From 48ada0558f187aaa6f98649a8093714c622c2d58 Mon Sep 17 00:00:00 2001
From: knQzx <75641500+knQzx@users.noreply.github.com>
Date: Sat, 4 Apr 2026 18:08:23 +0200
Subject: [PATCH] use explicit col_types dict instead of auto-casting

---
 speechbrain/dataio/dataio.py    | 16 +++++++++++++++-
 speechbrain/dataio/dataset.py   | 27 ++++++++++++++++++++++++---
 tests/unittests/test_data_io.py | 28 ++++++++++++++++++++++++++++
 3 files changed, 67 insertions(+), 4 deletions(-)

diff --git a/speechbrain/dataio/dataio.py b/speechbrain/dataio/dataio.py
index 0385ade1c3..30222a8b4f 100644
--- a/speechbrain/dataio/dataio.py
+++ b/speechbrain/dataio/dataio.py
@@ -99,7 +99,7 @@ def _recursive_format(data, replacements):
             # If not dict, list or str, do nothing
 
 
-def load_data_csv(csv_path, replacements=None):
+def load_data_csv(csv_path, replacements=None, col_types=None):
     """Loads CSV and formats string values.
 
     Uses the SpeechBrain legacy CSV data format, where the CSV must have an
@@ -108,6 +108,11 @@ def load_data_csv(csv_path, replacements=None):
     The rest of the fields are left as they are (legacy _format and _opts fields
     are not used to load the data in any special way).
 
+    When ``col_types`` is provided, the specified columns are explicitly cast
+    to the given types.
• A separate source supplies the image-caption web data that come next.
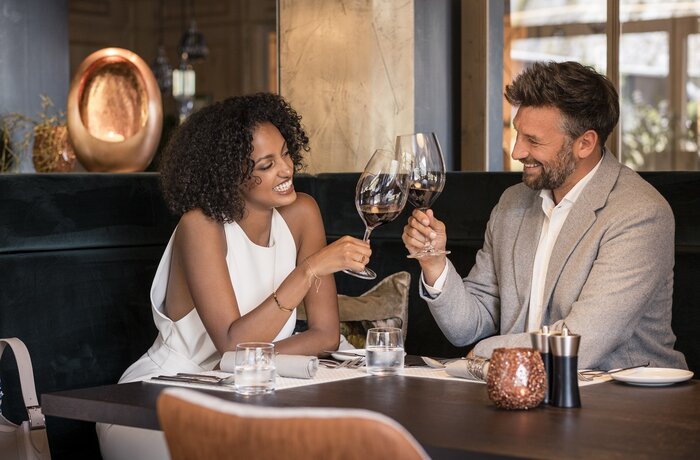 Lachendes Paar stößt mit Rotwein im Restaurant an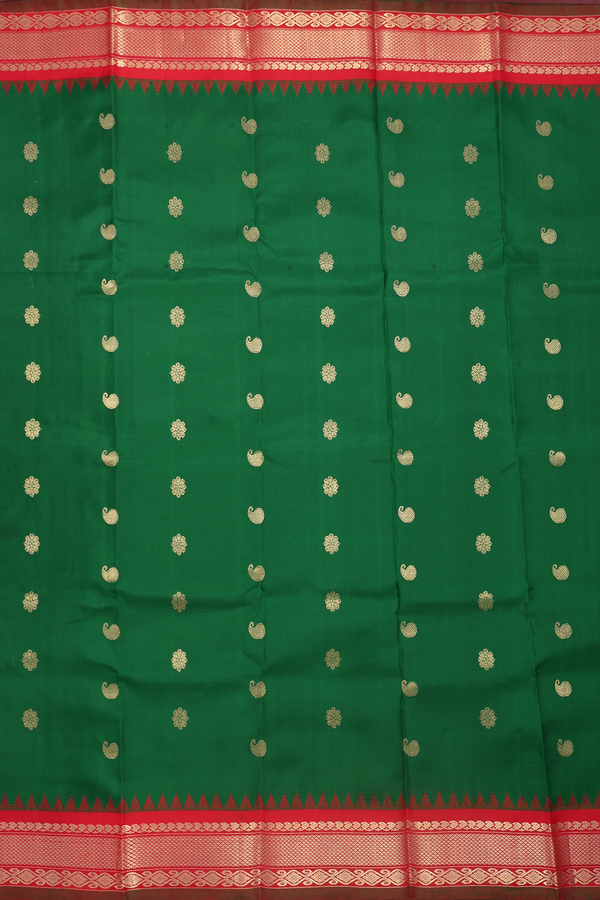 Gadwal Silk Saree In Emerald Green With Floral Buttas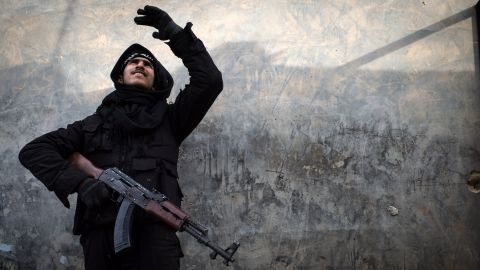 A Syrian rebel fighter tries to locate a government jet fighter in Aleppo on January 18. 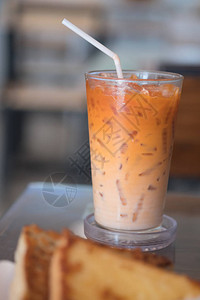 用稻草装在玻璃杯中的冰奶茶或泰式奶茶图片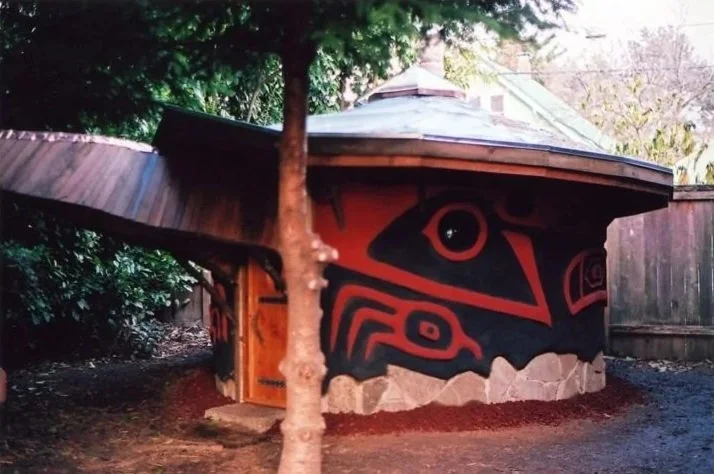 A small, round building with a roof that appears to be part of a traditional indigenous house, featuring black and red geometric and animal-like designs on its exterior walls, located outdoors surrounded by trees and a wooden fence.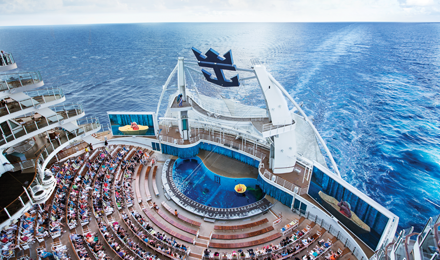 Young girl on a surfboard on Royal Caribbean Flo Rider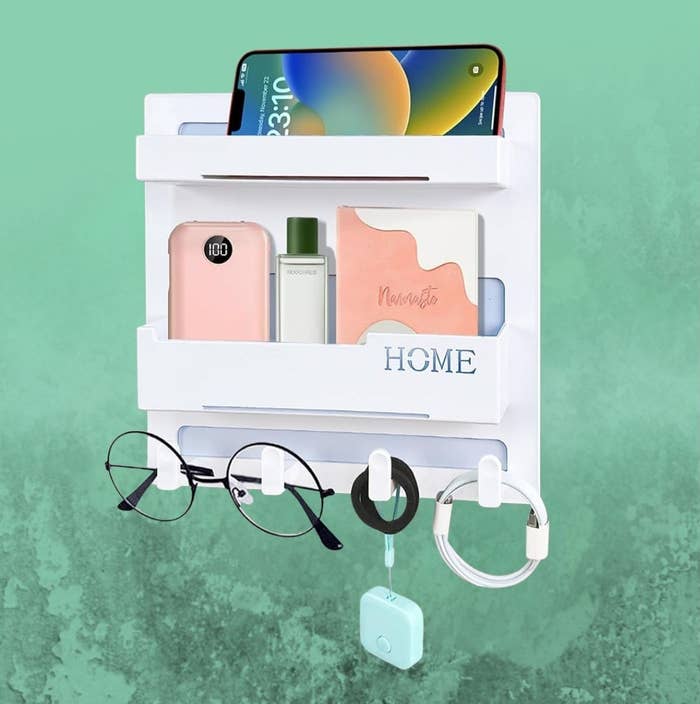 Wall-mounted organizer with 2  shelves holding a phone, notebook, perfume, and glasses, positive  hooks for a cablegram  and keychain; perfect  for location  use
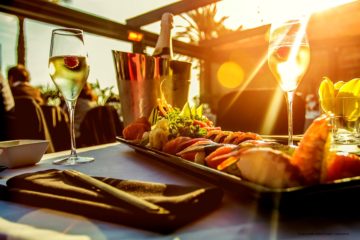 food and wine with a sunset behind it
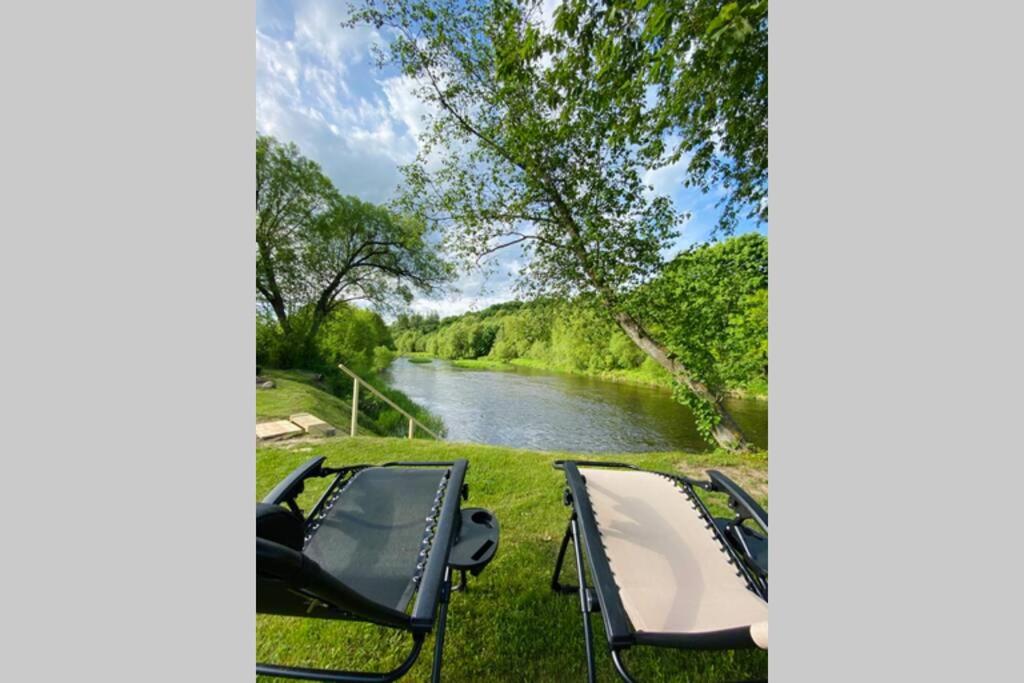 a boat parked on the grass next to a river at Cabin by the river Dubysa! in Ariogala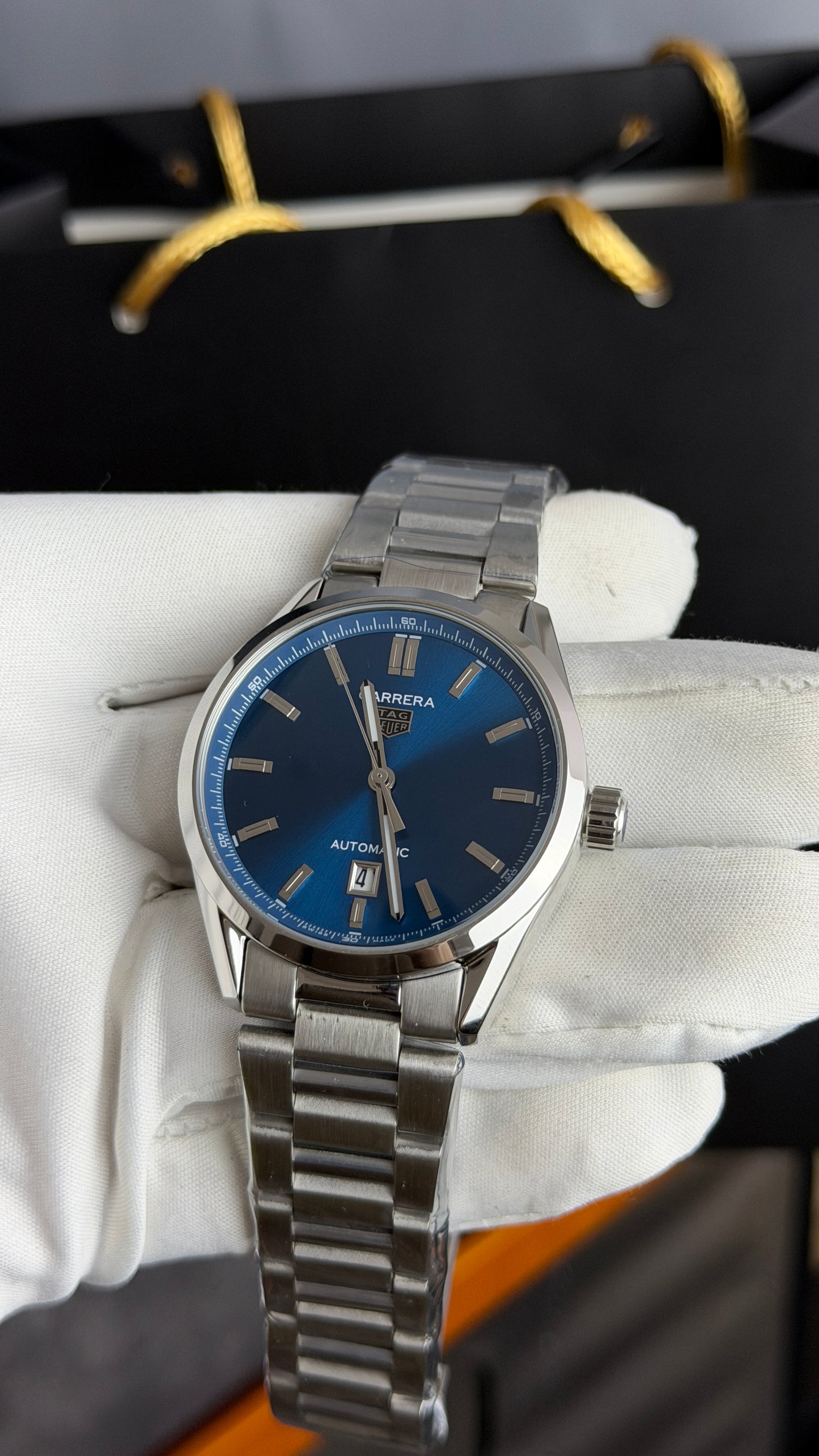 Silver with Blue Dial.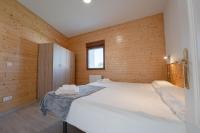 Postel nebo postele na pokoji v ubytování la casita del puente viejo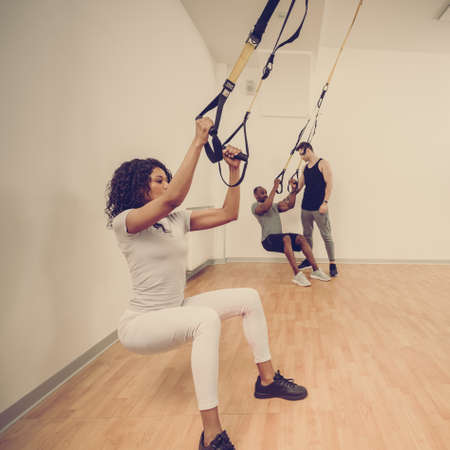 Group of young fit multinational training with straps in modern fitness club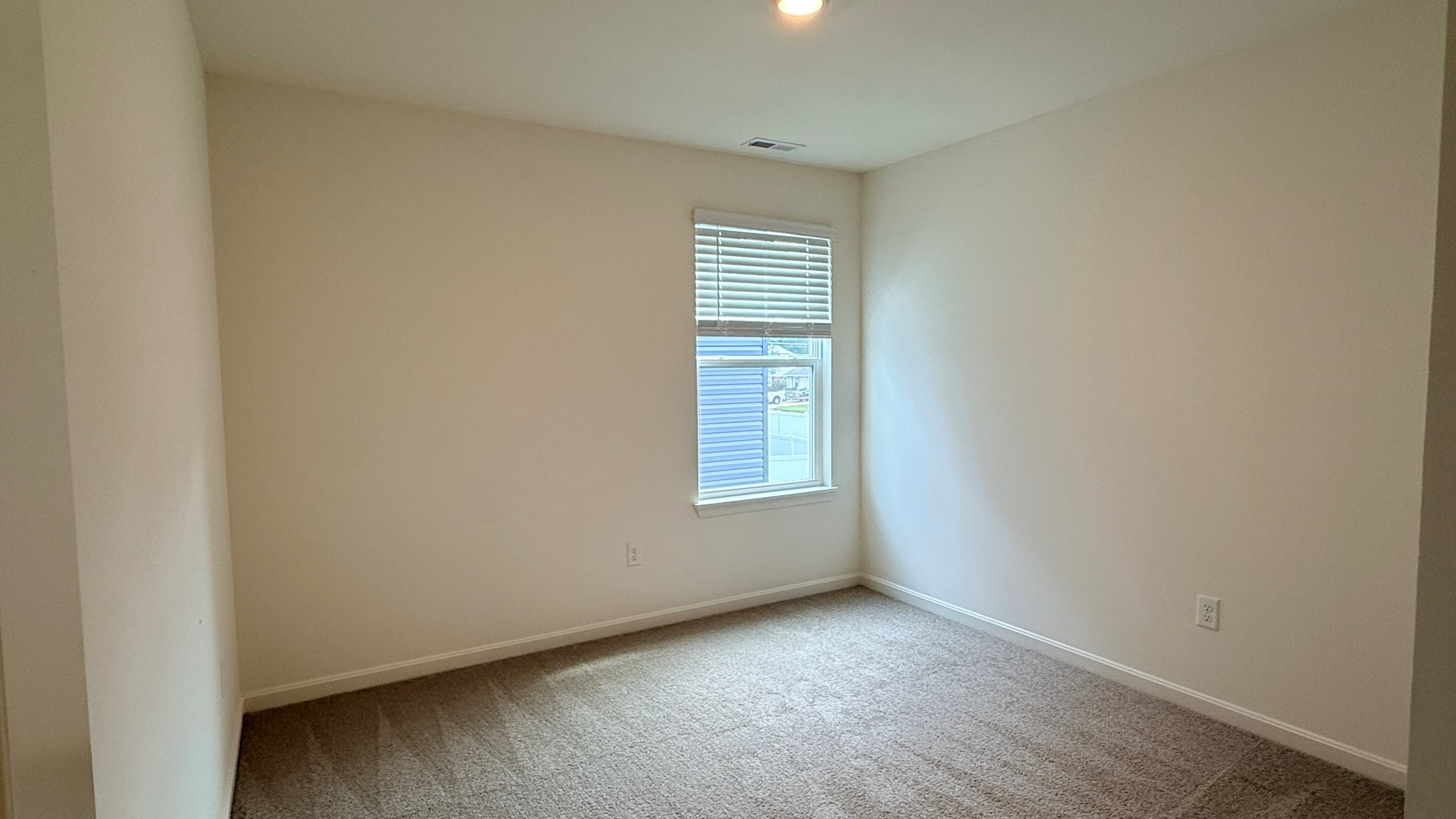 Spare bedroom with carpet and single window.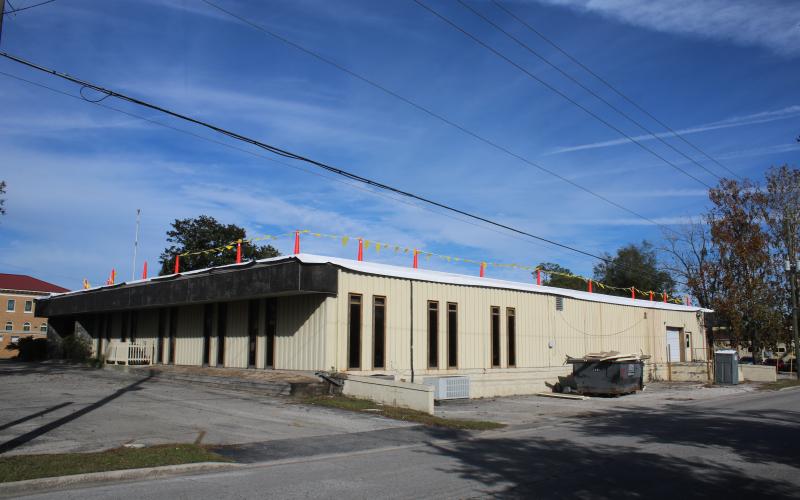 O’Neal Roofing is working on the roof of the old Lake City Reporter building, which Columbia County purchased earlier this year. (TONY BRITT/Lake City Reporter)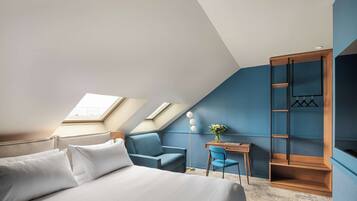 A modern bedroom with a sloped ceiling, skylights, a bed, a desk, a chair, and a wardrobe.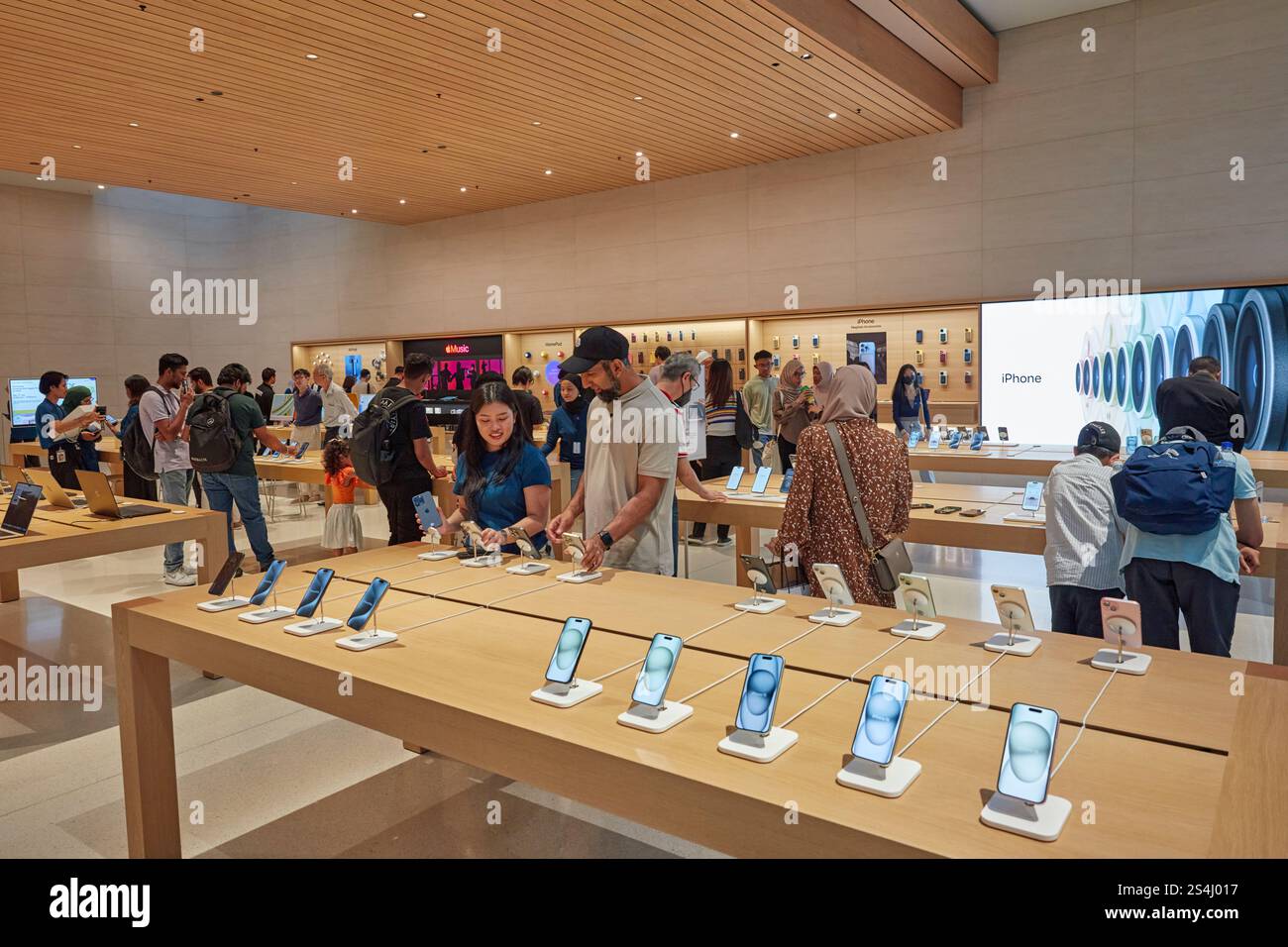 People look at selection of iPhones in the Apple Store inside the Exchange TRX shopping mall. Kuala Lumpur, Malaysia. Stock Photo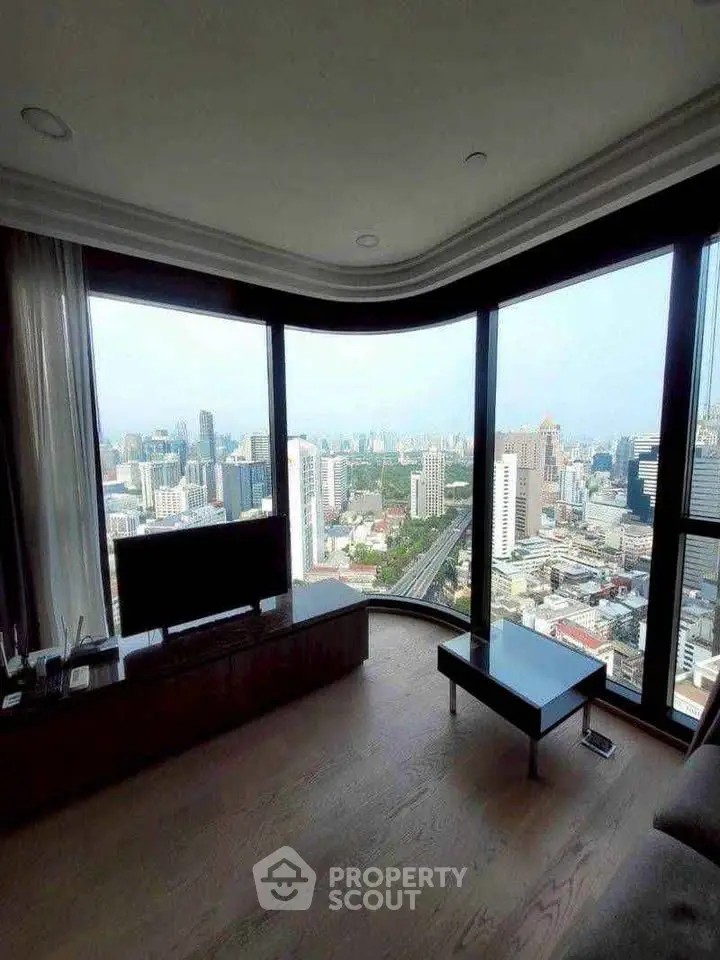Luxurious living room with panoramic city view and modern decor.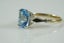 Magnificent ring with emerald cut Blue topaz in 9ct Carousel 4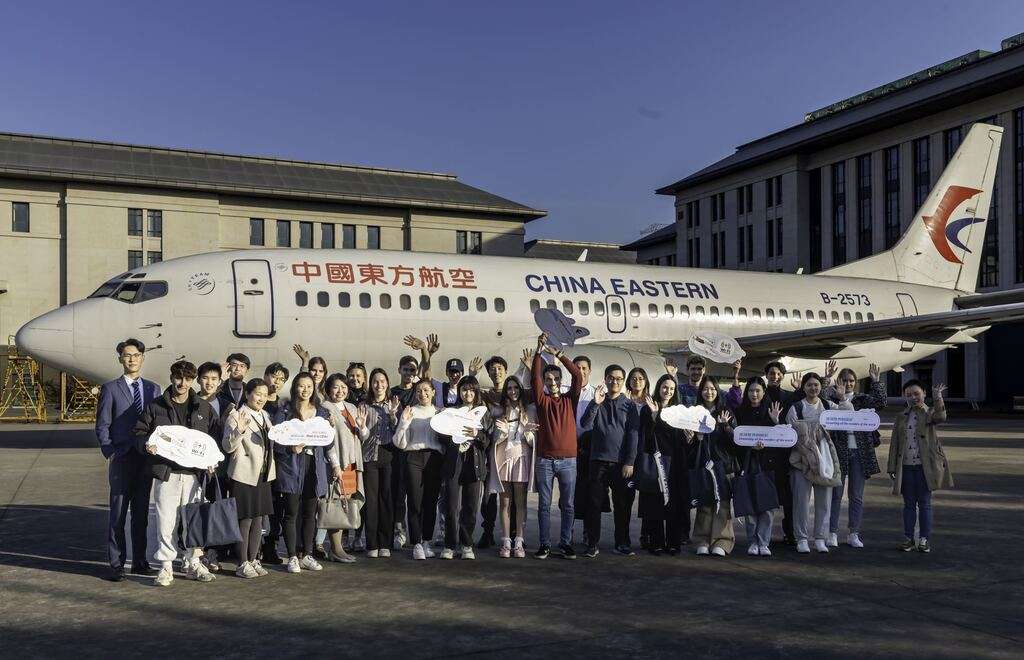 International students with a China Eastern Airlines jet at the R&D Center.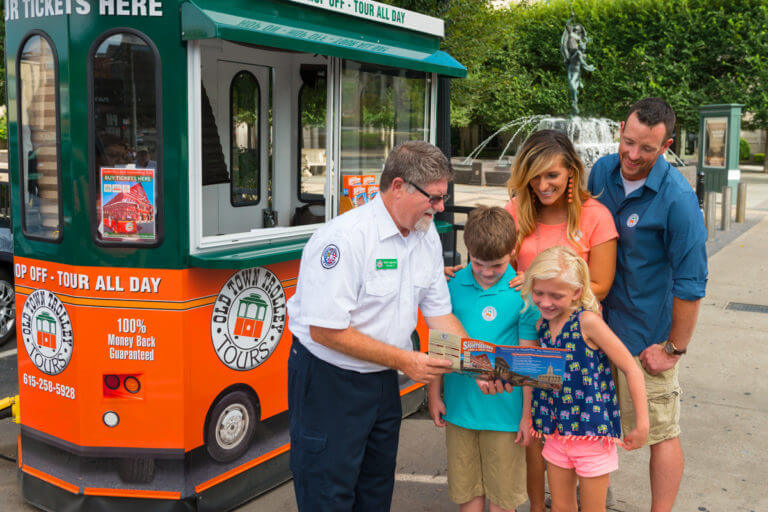 An Old Town trolley ticket agent standing in front of a kiosk with a map in his hand showing a family about to ride the trolley in Nashville, TN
This is useful when numeric columns (e.g. duration,
+    speaker id) need to be stored as a specific Python type rather than as
+    strings.
+
     Bash-like string replacements with $to_replace are supported.
 
     Arguments
@@ -117,6 +122,10 @@ def load_data_csv(csv_path, replacements=None):
     replacements : dict
         (Optional dict), e.g., {"data_folder": "/home/speechbrain/data"}
         This is used to recursively format all string values in the data.
+    col_types : dict, optional
+        A mapping from column name to a callable type, e.g.
+        ``{"duration": float, "spk_id": int}``.  Only the listed columns
+        are cast; all others are left as strings.
 
     Returns
     -------
@@ -169,6 +178,11 @@ def load_data_csv(csv_path, replacements=None):
             # Duration:
             if "duration" in row:
                 row["duration"] = float(row["duration"])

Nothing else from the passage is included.